### Home > CCA2 > Chapter 12 > Lesson 12.1.3 > Problem12-45

12-45.

Solve each equation. Check for extraneous solutions.

1. $\sqrt { x + 7 }= x + 1$

Square both sides of the equation to remove the radical.

$x + 7 = x^2 + 2x + 1$

Set the equation equal to $0$ because it is quadratic (there is an $x^2$-term.)

$0 = x^2 + x − 6$

Factor the polynomial.

Use the Zero Product Property to solve.

Check your solutions in the original equation.
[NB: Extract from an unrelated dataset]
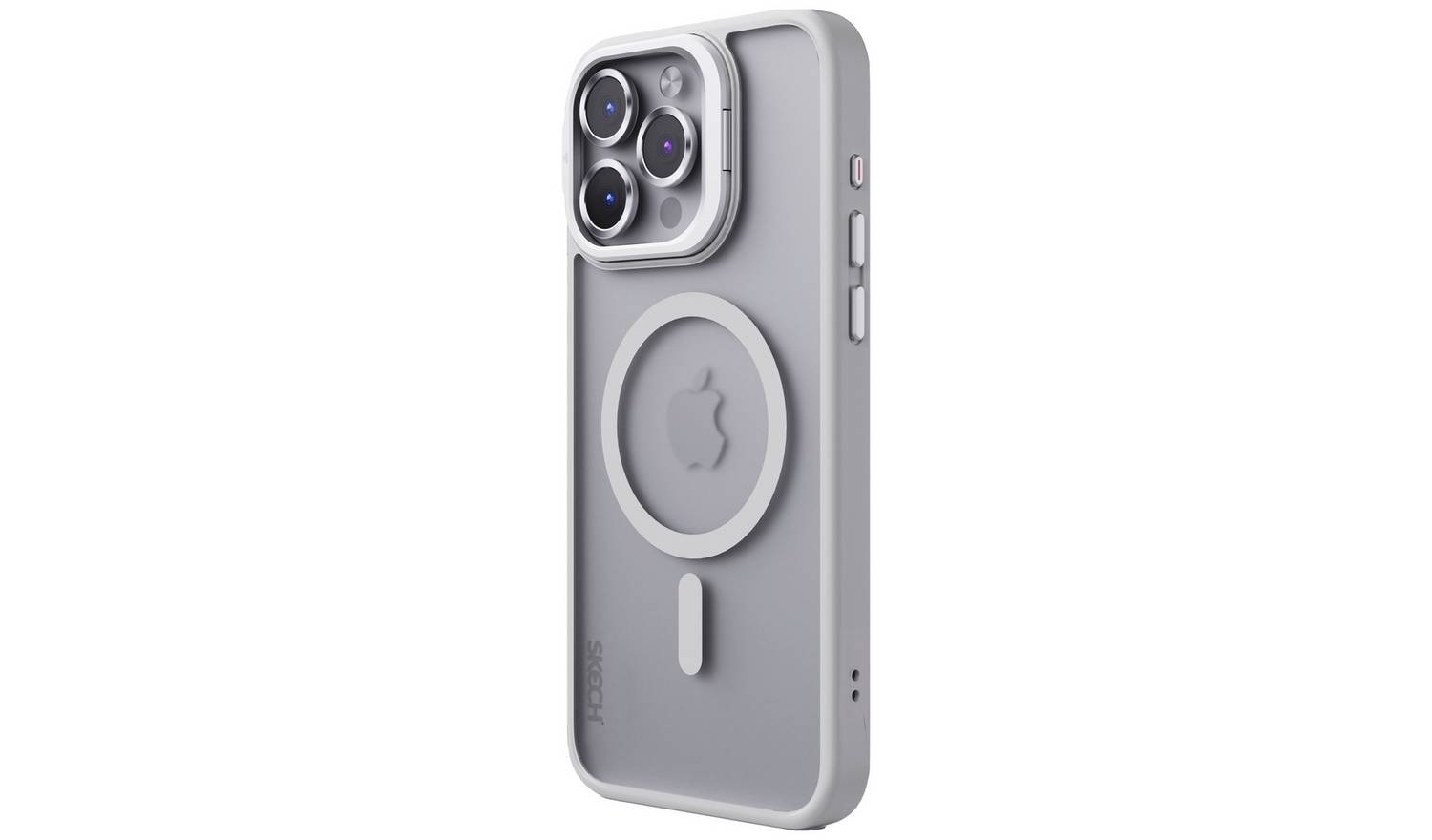 Skech iPhone 15 Pro Phone Case with MagSafe - Hybrid White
Do they both work?

1. $\frac { 2 } { x + 3 } - \frac { 1 } { x } = \frac { - 6 } { x ^ { 2 } + 3 x }$

Notice that you can factor $x^2 + 3x$ to $x(x + 3)$.

Multiply both sides of the equation by a common denominator to remove the fractions.

$x(x+3)\left (\frac{2}{x+3}-\frac{1}{x} \right )\ =\ x(x+3)\left (\frac{-6}{x\left (x+3 \right )} \right )$

$2x - (x + 3) = -6$

Solve for $x$.

$x = -3$

Substitute your solution back into the original equation. Is $x = -3$ a valid solution to this problem?